Jean Anne Booth: Patent trolls are a growing menace to American innovation
Boxes of documents used in a patent case at the Waco federal courthouse are loaded into an SUV following a $2.175 billion verdict for VLSI against Intel in March. Waco has become ground zero for legal action involving patents.
If you’ve started a small business in the past few years, chances are you know all too well about patent trolls.
For entrepreneurs here in Texas, patent trolls are now a constant threat, hanging over our heads at all times, with no sign of when or where they might strike next.
Much more harmful than their name would suggest, patent trolls are, in reality, hedge funds and investor-backed shell companies that exist to buy up old, unused patents just so they can use them to file lawsuits accusing legitimate innovators of patent infringement. They don’t build anything, create new jobs or propose new ideas of their own. Their sole purpose is to exploit loopholes in the legal system to generate huge verdicts or settlements for their investors.
In other words, it’s legalized extortion.
As the founder of UnaliWear, a small startup based in Austin that manufactures smartwatches for seniors to wear 24/7 so they can get help in the event of an emergency, I’ve had to deal with patent trolls more times than I can remember.
I founded this company back in 2013. My mom had just turned 80 and I started to worry about her health and independence. I worried about what would happen if she suffered a fall or another medical emergency in the middle of the night. I already had what I needed to retire on my own at that point. Running UnaliWear was a labor of love for my mom and other seniors whose needs weren’t being met by smartwatches on the market.
I thought I wouldn’t have much to worry about with patent litigation. After all, just two years before UnaliWear opened its doors, Congress had passed the America Invents Act, a law that cracked down on patent trolls by creating inter partes review (IPR), where expert judges on the U.S. Patent Trial and Appeal Board could assess whether a patent being asserted was even valid before businesses were forced to shoulder the full costs of litigation.
The new system worked. Patent litigation plunged and startups like UnaliWear thrived.
But in 2018, the then-director of the U.S. Patent & Trademark Office gutted the reforms that Congress established. He implemented what’s now known as the “NHK-Fintiv rule,” a rule that violates the America Invents Act and that never went through the legal rulemaking process required of federal agencies. The new rule instructed the appeals board to deny requests for IPR hearings if there was already a court case pending. He did this even though the America Invents Act was enacted specifically to provide an alternative to litigation.
Patent trolls have taken full advantage of this unlawful rule. Since 2018, abusive litigation has risen by nearly 35 percent. In April 2020, my company was sued by Big Will Enterprises, an infamous patent troll that also targeted other smartwatch makers at the same time. You don’t need to look very far to see that the same thing is happening all over. Farmers, ventilator manufacturers and even public school districts have all been targeted by patent trolls out to turn a quick profit for their investors.
Fortunately, there are already folks in Washington who want to fix this problem, including Republican Texas Sen. John Cornyn, who introduced the Restoring the America Invents Act earlier this fall with Sen. Patrick Leahy, a Democrat from Vermont. The law will go a long way toward fixing what’s broken in our patent system by restoring the IPR process as a viable alternative to litigation so that patent trolls have fewer opportunities to game the legal system.
In addition, President Biden has now nominated a new Director for the USPTO, Kathi Vidal. If she is confirmed by the Senate, Vidal will have the opportunity to end the NHK-Fintiv rule that her predecessor unlawfully established and make the agency work more effectively for entrepreneurs, rather than patent trolls.
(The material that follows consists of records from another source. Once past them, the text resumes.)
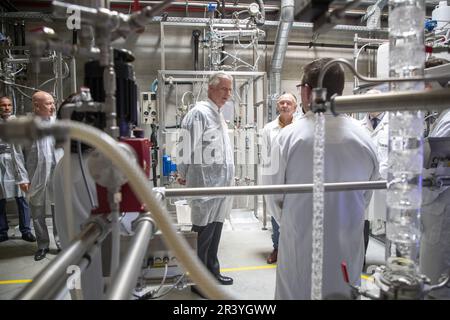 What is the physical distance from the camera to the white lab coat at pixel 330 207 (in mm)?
1156

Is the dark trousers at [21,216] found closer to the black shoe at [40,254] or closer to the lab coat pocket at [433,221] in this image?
the black shoe at [40,254]

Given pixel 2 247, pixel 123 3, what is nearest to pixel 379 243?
pixel 2 247

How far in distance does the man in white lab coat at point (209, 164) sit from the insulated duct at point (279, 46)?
4.25 ft

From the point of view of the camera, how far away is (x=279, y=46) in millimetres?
3760

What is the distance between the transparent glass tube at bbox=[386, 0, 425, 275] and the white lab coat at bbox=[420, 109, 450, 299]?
3.44ft

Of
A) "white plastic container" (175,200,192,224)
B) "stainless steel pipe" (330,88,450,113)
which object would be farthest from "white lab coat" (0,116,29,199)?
"stainless steel pipe" (330,88,450,113)

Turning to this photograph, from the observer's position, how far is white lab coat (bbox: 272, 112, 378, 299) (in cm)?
116

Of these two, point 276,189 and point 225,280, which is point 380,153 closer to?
point 225,280

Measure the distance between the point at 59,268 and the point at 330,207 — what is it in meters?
0.97

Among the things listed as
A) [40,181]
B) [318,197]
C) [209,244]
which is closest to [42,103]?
[40,181] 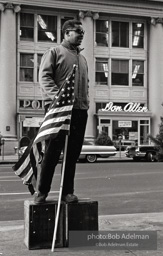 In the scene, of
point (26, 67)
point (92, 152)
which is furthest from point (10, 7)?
point (92, 152)

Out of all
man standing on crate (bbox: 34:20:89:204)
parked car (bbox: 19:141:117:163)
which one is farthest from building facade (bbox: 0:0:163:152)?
man standing on crate (bbox: 34:20:89:204)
Her confirmation hearing was held last week before the Senate Judiciary Committee, and Sen. Cornyn and Texas Sen. Ted Cruz will soon vote on whether to send her nomination to the Senate floor.
Our entire economy is built on the foundation of men and women who came up with new ideas that filled a need for society. No person who turns their idea into a successful business, creating jobs and generating economic activity along the way, should ever have to worry that they’ll be held hostage because a hedge fund or a group of investors dug up an old, unused patent that allows them to manipulate the legal system.
They won’t be any longer, provided that Congress and the Biden administration step up to the plate and fix what is broken in our patent system.
Jean Anne Booth is the CEO of Austin-based UnaliWear, a startup that designs smartwatches for seniors.